I usually stay at State Parks so do a web search on which ever state DNR. Usually they will allow you to reserve sites some where. I also have searched on some the areas I'm interested in going to and looked for campgrounds. I have made some bad choices before, so it is good to ask around for recomedations. I reserve spots when I am traveling far, it usually cost $5 extra to reserve a spot, so it's well worth the extra price to make sure you have a spot. I have went out a couple of times and had to turn around and go home again because there is no spots openned. Usually most campgrounds, public or private anymore will allow you to reserve a spot.

Another spot you can find campgrounds is on Microsoft Streets and Trips. At least its a starting place. Another good website is http://www.freecampgrounds.com/. I also like to explore. if I'm in a new area, I will often visit campgrounds in the area to see if there is any I like. Above all, have fun exploring new areas.


----------



## Northern Wind (Nov 21, 2006)

I ask people, I carry a note book in the fiver and when ever we meet people and get talking at camp grounds I ask where they have been and what they liked. Word of mouth is the best, people will tell you lots of things that the books won't.
Listen and learn!

Steve


----------



## N7OQ (Jun 10, 2006)

I use every thing I can word of mouth, books and maps and Sunday drives. Reserve America is good for the State and Federal campgrounds but I don't think their campground info is very accurate, I have seen were they say 24" max trailer and when I get there I walk around and measure sites and have found sites as long as 80' and they say 24' max and I'm not talking about 1 or 2 sites but a bunch of them. I don't know who does the measuring but they use the 24' max a lot.

We have freelanced it was well just took off and stayed at campgrounds we find on the way. Now I did this with my Tent trailer but a little afraid to try it with the Outback. We did this in Or, WA and Id and never had a problem getting a campsite just made sure we were pulling into a campground early in the afternoon at a first come first server campground. We had more fun doing this and stayed at a lot of great places.


----------



## Kyoutbacker (Apr 26, 2006)

If we can, we try to make a trip to a new site during the winter to check it out and find the best campsite. (Makes for a good winter blah break.) Then we will reserve it either on the state park websites or reserve america.

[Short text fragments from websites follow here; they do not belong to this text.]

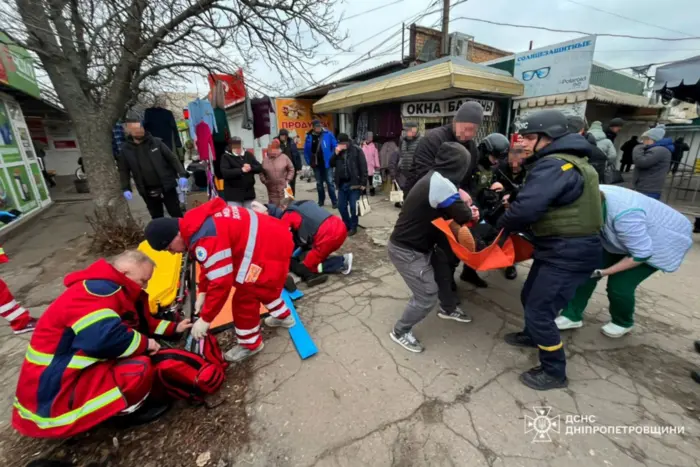 Окупанти вдарили по центральному ринку в Нікополі: є поранені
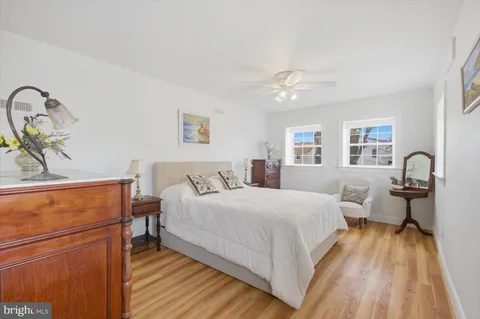 $679,000 | 858 South Harrison Street, Arlington, VA 22204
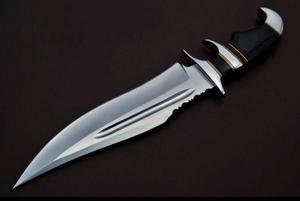 Couteau de cuisine en acier Damas de haute qualité pour restaurant et usage domestique Meilleure vente Conception personnalisée Fait à la main en acier carbone - Product Image 5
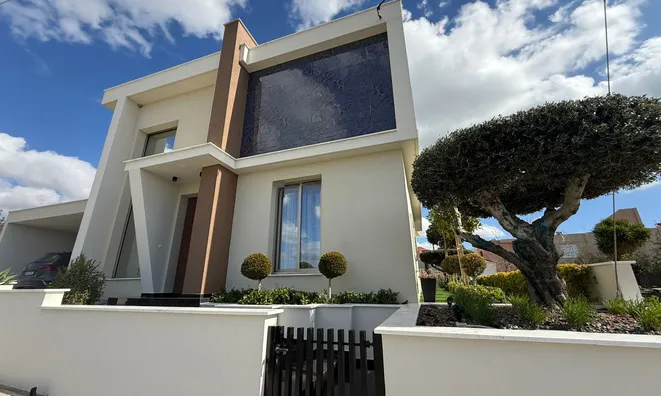 Недвижимость 3 Bedroom Detached House for Sale in Episkopi, Limassol: 1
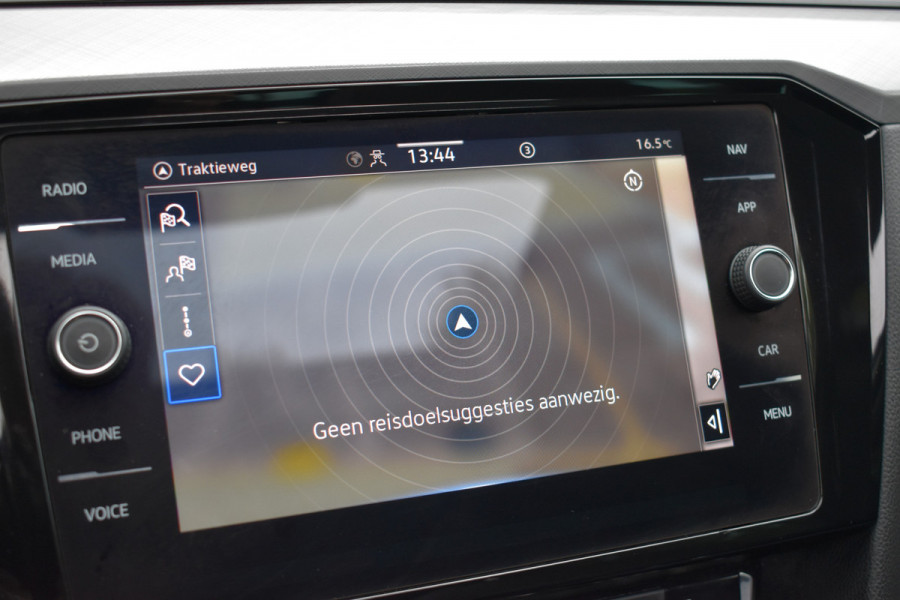 Volkswagen Passat Variant 1.4 TSI PHEV GTE Business Automaat / Pano schuifdak /  Trekhaak / Keyless / Navi / PDC + Camera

We usually find new sites by word of mouth.

Have found that we usually do not like private campgrounds near an interstate as they usually are like a parking lot. In one case a five star rating had sites so small that we could not put up the awning without hitting the next sites slideout.

We have yet to stay st a "resort" type campground, but I understand most of them are pretty good.

We have not been happy with "Wood...." , the descriptions do not match the sites.









You will find that one person's ideal site might not be yours, because each camper has their own agenda.


----------



## BritsOnTour (Sep 15, 2006)

Wow, thank you so much for all these great suggestions and recommendations.

I tend to agree that word of mouth is the best and I've been checking on the 'good campsites' forum here for ideas. There just seem to be so many options, we felt like we were aimlessly wandering in the dark!

I'll be bookmarking all the reservation and search sites suggested.

Thanks again, Ali


----------



## jedmunson (Apr 14, 2006)

We decide where we want to visit - We have a list of EVERYTHING we want to see in the USA (You would think we made this list in the 60's







)

I google the place plus "campground" and see what comes up...

I check my books - use a Good Sams book and a Frommers to check their ratings...

I search this forum to see whats said (good/bad)....

I search rv.net to see whats said....

I check out the websites again and then pull out my credit card and get it reserved online or make a phone call










So far my system has worked well for us. Have not been disappointed yet and have been pleasantly surprised that some are even better than we thought!!

In the huge scheme of things, its about 30 bucks and one night - if its awful, its a memory and we would find another place. Nothing to get worked up about or loose that much sleep about - its all part of the journey


----------



## jlbabb28 (Feb 27, 2006)

Books then re-search online thanks Al Gore for the internet.

Jeff


----------



## Guest (Jan 15, 2007)

We book through KOA online. They have a mapping route that highlights all the KOA's along whatever route you plan out. Very informative and easy to use

Scott


----------